В разделе ^ 4.1. Готическая эзотерика Густава Майринка изучаются механизмы того, как Майринк развертывает эзотерический поиск героем пути к самому себе. Основываясь на базовых сюжетных структурах готического мифа, Майринк модифицирует эпистемологический вектор: запретное (в готических координатах), то есть противопоказанное всем, кроме Бога, сверхзнание – знание скрытых от людей сущностных характеристик мира – у Майринка становится эзотерическим, то есть все же доступным и позволенным небольшому количеству избранных. Художественный мир Майринка нацелен, прежде всего, на концепирование не столько окружающего мира, сколько «я» человека, его духовной сферы, и в этом отношении оказывается близким духовному учению, которое рождается в точке разрастания этической составляющей мифа.

Подпараграф 4.1.1. Элементы готического мифа в художественной системе Г. Майринка начинается с рассмотрения способов разработки пространства. В романах «Голем», «Вальпургиева ночь», «Ангел западного окна» одним из главных мест действия становится Прага, предстающая городом, в котором законсервированы ужасы средневековья, полным пугающих тайн и опасностей, с запутанным и труднопостижимым пространственным устройством. В романе «Белый доминиканец» в предельной степени характерно разработана одна из важнейших черт готического хронотопа – формирование пространства родового замка как результата «накопления времени» – напластований материальных следов различных эпох.

В русле готической разработки времени в романах Майринка разворачивается напряженный диалог настоящего с властным и заявляющим свои права прошлым.
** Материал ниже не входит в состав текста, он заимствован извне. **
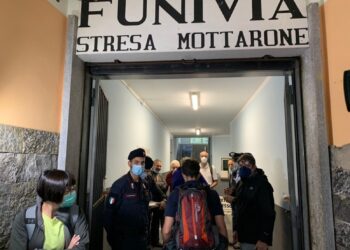 Periti e legali esaminano stazioni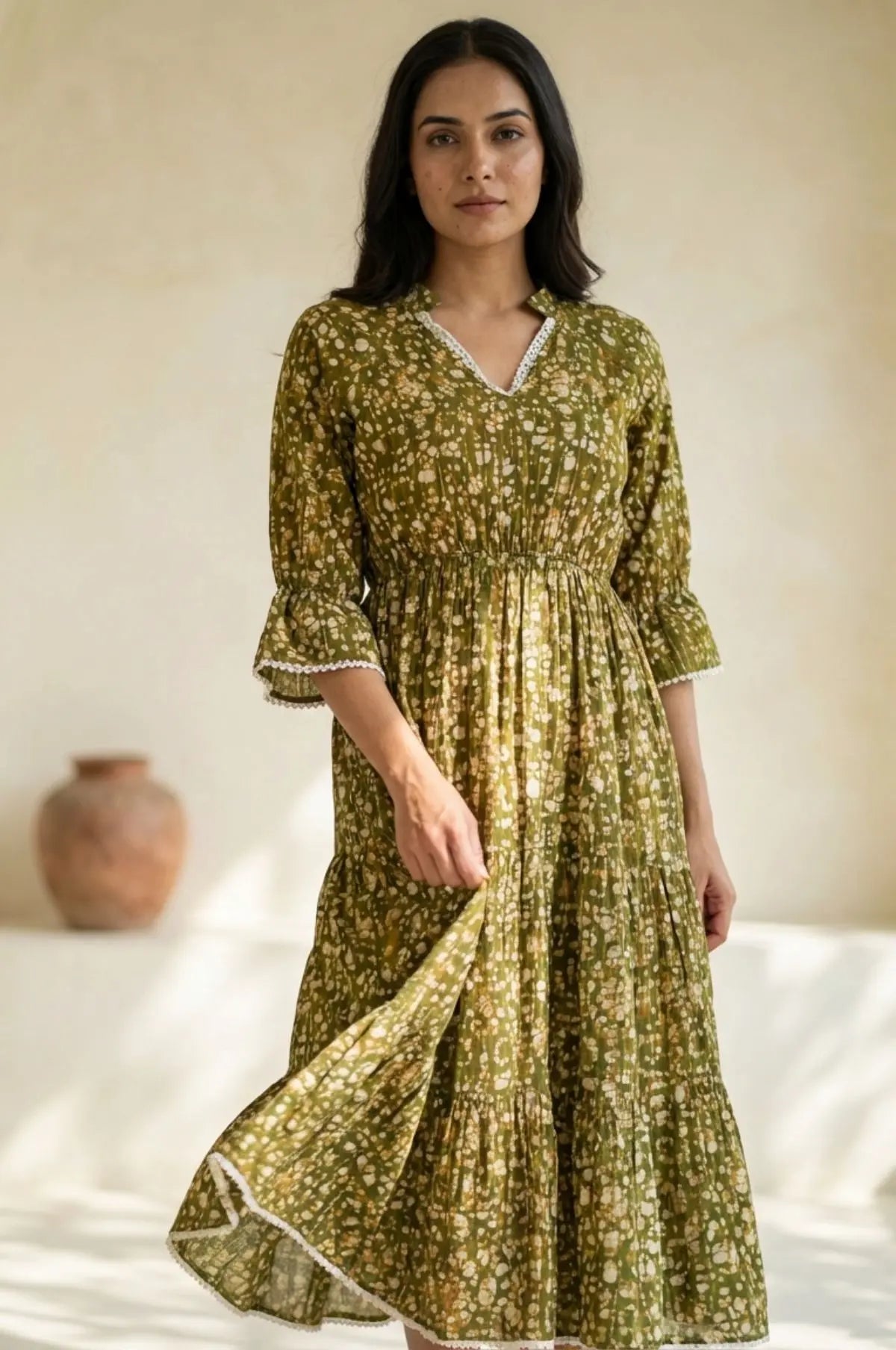 Mehendi Glow Lurex Midi Dress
В «Вальпургиевой ночи», «Ангеле западного окна», «Зеленом лике» – через готический хронотоп портрета, который, оживая, актуализует прошлое, устанавливает связь времен как источник информации о фамильных связях, причудливость которых формирует фабулу.

Понятие вечности, обретаемой героем в результате эзотерического постижения себя самого, работает в художественной системе Майринка по готическим принципам: вечность понимается как результат слияния прошлого, настоящего и будущего, уничтожения времени. Готическое ощущение остановки времени, которое переживают герои Майринка, свидетельствует об их выходе на границу здравой реальности и ирреальности. Герои испытывают сомнения относительно действительности происходящего с ними, они пытаются объяснить необычность собственного восприятия мира специфическим состоянием, близким к сомнамбулическому. Характерное для готики состояние полусна-полубодрствования – ключевое в романах Майринка.

Типичны для готического сюжета и способы развертывания центральной роли текста в романах Майринка: дневник, книга, послание, предание становятся основополагающими элементами системы взаимодействующих повествований, главное свойство которой – мозаичность, т.е. сочетание неполноты, обусловленной ветхостью, и взаимодополняемости. Восстановление текста, содержащего важнейшую эзотерическую информацию – сюжетообразующий процесс.

Майринк использует систематические элементы литературного готического мифа для развертывания специфической эзотерической тематики. В подпараграфе 4.1.2. Эпистемология Майринка: роман как путь к знанию призванных разбираются механизмы этого использования.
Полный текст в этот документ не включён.